Pemprov Dan DPRD Sumut Perlu Publikasikan Pemanfaatan APBD : Harian Berita Sore

Pemprov Dan DPRD Sumut Perlu Publikasikan Pemanfaatan APBD

4 Juli 2008 | 16:06 WIB

Medan ( Berita ) :  DPRD Sumatera Utara, Pemprov dan Pemkab/Pemko perlu mempublikasikan penggunaan APBD setelah disahkan sebagai pertanggungjawab moral kepada masyarakat.

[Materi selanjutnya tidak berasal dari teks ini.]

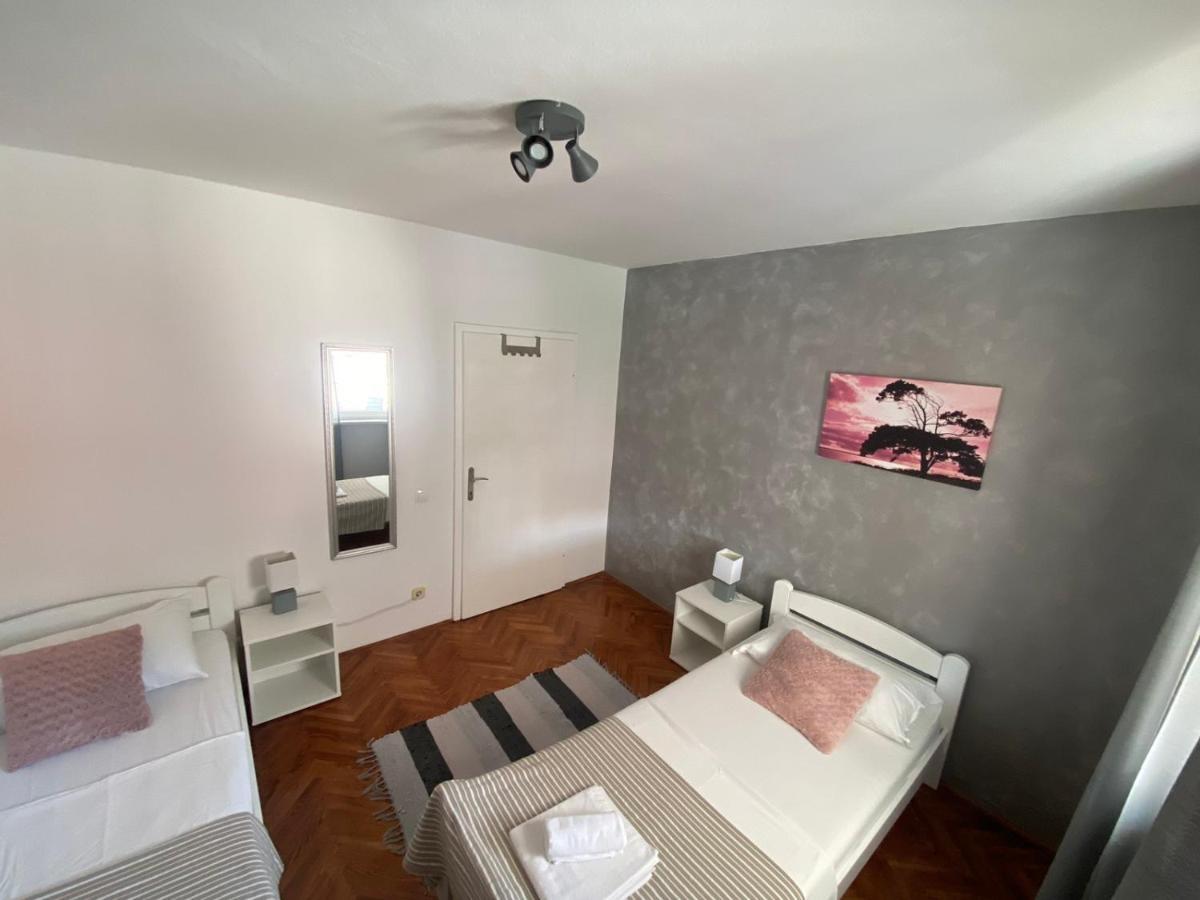 Family Beach Apartments Peroj Eksteriør bilde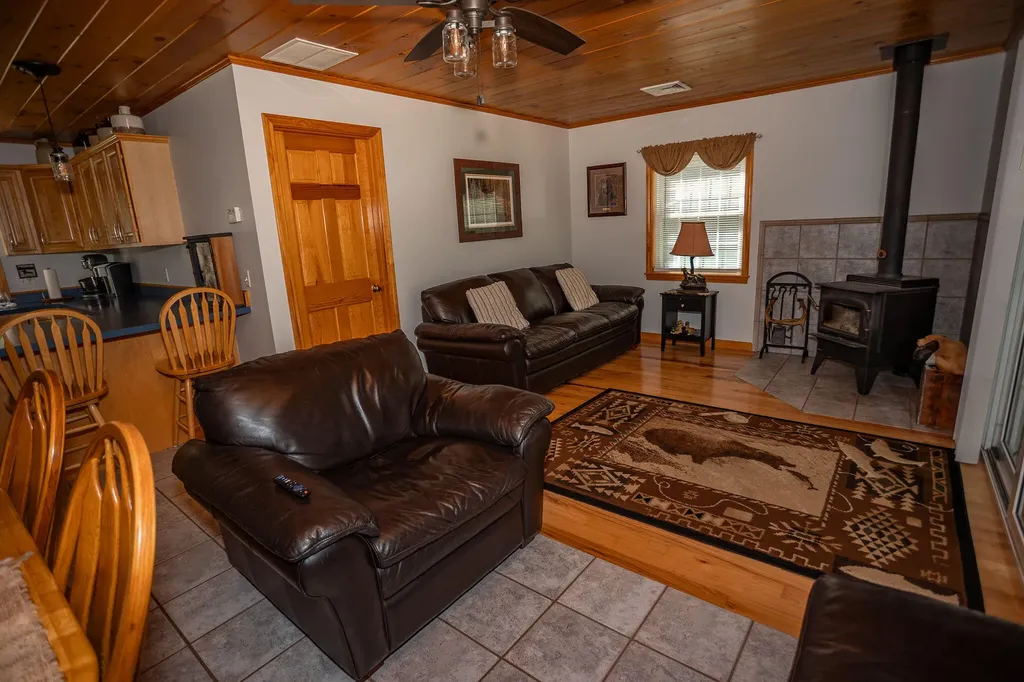 166 Hogan Pond Lane Oxford ME 04270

Publikasi tersebut dapat menunjukkan adanya transparansi dalam penggunaan uang negara sehingga rakyat juga dapat ikut mengawasi pemanfaatannya, kata Presiden Perjuangan Hukum dan Politik (PHP), HMK Aldian Pinem, SH, MH di Medan, Jumat [04/07].

Menurut dia, Gubernur Syamsul Arifin yang dipilih langsung oleh masyarakat perlu menunjukkan itikad baik dalam penggunaan uang negara dan memberi kesempatan bagi masyarakat untuk mengawasi pemanfaatannya dengan mempublikasikan APBD yang disahkan.

Sebenarnya, ketentuan itu telah dimuat dalam UU No. 17 Tahun 2003 tentang Keuangan Negara dan UU No. 39 Tahun 1999 dengan UU No. 20 Tahun 2001 tentang Pemberantasan Tindak Pidana Korupsi yang menyatakan perlunya keterlibatan masyarakat dalam pengawasan pemanfaatan uang negara.

Jika gubernur Sumut sudah menerapkan transparansi tersebut diyakini akan diikuti oleh DPRD dan Pemkab/Pemko di provinsi itu, katanya.

Pendapat yang hampir serupa juga disampaikan praktisi hukum, Julheri Sinaga, SH yang menyatakan bahwa publikasi jumlah dan pemanfaatan APBD menjadi indikasi itikad baik dalam pengelolaan uang negara.

Jika DPRD dan Pemprov Sumut tidak bersedia mempublikasikan jumlah dan pemanfaatan APBD berarti ada indikasi tidak baik seperti menyelewengkan dan menggunakan dana tersebut di luar peruntukannya.

Hanya saja, Sinaga menilai publikasi tersebut sebaiknya dilakukan sebelum pengesahan di DPRD. “Dalam konteks itu, Bagian Humas Pemprov dan DPRD Sumut perlu menjalankan fungsinya dengan baik,” katanya. Jika publikasi tersebut dapat dilakukan maka Sumut akan menjadi “pilot project” dalam transparansi pemanfaatan APBD, tambahnya. ( ant )

Comments

Comments are closed.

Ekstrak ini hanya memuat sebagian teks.